The dramatic events of 35 years ago will be commemorated by the “Konstantinos Karamanlis” foundation, with the “35 Artists for Democracy” art exhibit which will be officially unveiled this Thursday – 23 of July by the prime minister – Kostas Karamanlis. 35 of the most notable names in Greek art will get together, not just to remind us all a moment of the contemporary Greek history, but to make a statement. They want to declare that Democracy is not just a part of Philosophy, History and Politics textbooks – it means freedom. Freedom to create – art, science, money, business, media, society, justice. Using their talent, the 35 artists demonstrate what one can do when one is free.

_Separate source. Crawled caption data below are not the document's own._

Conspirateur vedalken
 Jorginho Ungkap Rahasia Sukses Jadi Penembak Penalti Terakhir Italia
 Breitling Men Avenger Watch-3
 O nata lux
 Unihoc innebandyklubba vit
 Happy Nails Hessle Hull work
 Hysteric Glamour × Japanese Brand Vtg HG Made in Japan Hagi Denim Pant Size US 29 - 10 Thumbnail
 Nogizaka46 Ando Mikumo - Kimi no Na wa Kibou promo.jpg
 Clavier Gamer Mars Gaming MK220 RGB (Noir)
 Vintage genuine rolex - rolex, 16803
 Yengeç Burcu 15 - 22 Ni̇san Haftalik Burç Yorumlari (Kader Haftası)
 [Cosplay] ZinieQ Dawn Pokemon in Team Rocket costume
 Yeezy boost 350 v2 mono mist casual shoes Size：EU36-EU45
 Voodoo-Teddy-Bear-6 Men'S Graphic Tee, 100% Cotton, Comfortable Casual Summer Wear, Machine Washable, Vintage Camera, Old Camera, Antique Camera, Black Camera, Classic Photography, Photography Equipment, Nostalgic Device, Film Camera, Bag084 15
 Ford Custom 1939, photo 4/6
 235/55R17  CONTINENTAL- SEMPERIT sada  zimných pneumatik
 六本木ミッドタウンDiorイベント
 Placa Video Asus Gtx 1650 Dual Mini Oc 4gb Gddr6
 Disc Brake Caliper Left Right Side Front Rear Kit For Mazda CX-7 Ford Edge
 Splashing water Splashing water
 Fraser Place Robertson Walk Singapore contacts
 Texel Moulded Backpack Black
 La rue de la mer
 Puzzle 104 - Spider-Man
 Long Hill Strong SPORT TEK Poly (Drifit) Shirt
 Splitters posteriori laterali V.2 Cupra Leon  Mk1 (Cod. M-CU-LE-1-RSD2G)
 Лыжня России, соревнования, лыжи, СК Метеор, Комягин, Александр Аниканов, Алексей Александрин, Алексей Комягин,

“For me, Time Square is like a Byzantine icon. There are many commonalities between the neon advertisements on the skyscrapers and the flat letters on the billboards and images of the saints in front of the golden skies on the Byzantine icons.” This is what Chryssa – one of the most renowned representatives of the American avant-garde in the second half of the XX century (author of the calligraphy portrayed in the center) - had to say. She was born in Athens in 1933 and graduated from the California Academy of Fine Arts. Ever since 1957 she lives and works in New York. Her work is exhibited in The Guggenheim, Kuros, The Museum for Modern Art MoMa in New York, Museums for modern art in Montreal, Paris, galleries in Germany, Greece and the USA. She’s also participating in biennales in Venice and Sao Paulo. Leo Castelli describes her Broadway workshop as one of the most stunning in the world. In 1992, Chryssa decides to go back to her hometown – Athens and after long days and nights of wandering around the city streets, she chooses the abandoned “Oasis” cinema in the anciently bourgeois area of Neos Kosmos. In her new working heaven, she keeps making art with no outside influence and without borrowing from past styles. Asked whether she comes from a wealthy parentage, Chryssa responds: “Yes, my family is rich indeed, but not in cash. My sister studied medicine and had friendly relations with Nikos Kazantzakis.”
“For me, the myth contains more realism than does reality, because its charged with the burden of time and has passed the test of time as well”. These are the feelings of another representative of the 35 – Natalia Mela, also known among friends as Nata. Born in 1923 in the aristocratic Athenian suburb of Kifissia, the sculptor is one of the epitomes in Greek fine art with her elegant, ironic, metaphorical, enigmatic works. Asked to name her favorite sculptors, Natalia Mela usually responds: “Pythagoras and Archimedes.” It does actually show in her art, especially when one observes her works from marble, metal or clay. One does notice the mathematical accuracy and surgical precision involved in the creation of her art, where there is no single detail that can be removed from the sculpture without collapsing it to the ground. Her studio on the central avenue “Vassilisis Sofias” is a place of interest for the Greek cultural elite for decades, where new trends are born, influence is being shaped, ideas are shared and new partnerships in art are launched. Natalia Mela is a member of one of the most prominent Greek families, with her grandfather being one of the founders of the National Bank of Greece, while her other grandfather is Pavlos Melas, a hero in the liberation war of Greek Macedoina with the Turks. Despite her bourgeois descent, Nata was a was a member of the Greek Communist Party for a short period of time. “When you are young, you are like a volcano, and you do erupt eventually. And who doesn’t want to change the world”… she remembers her period in the communist party.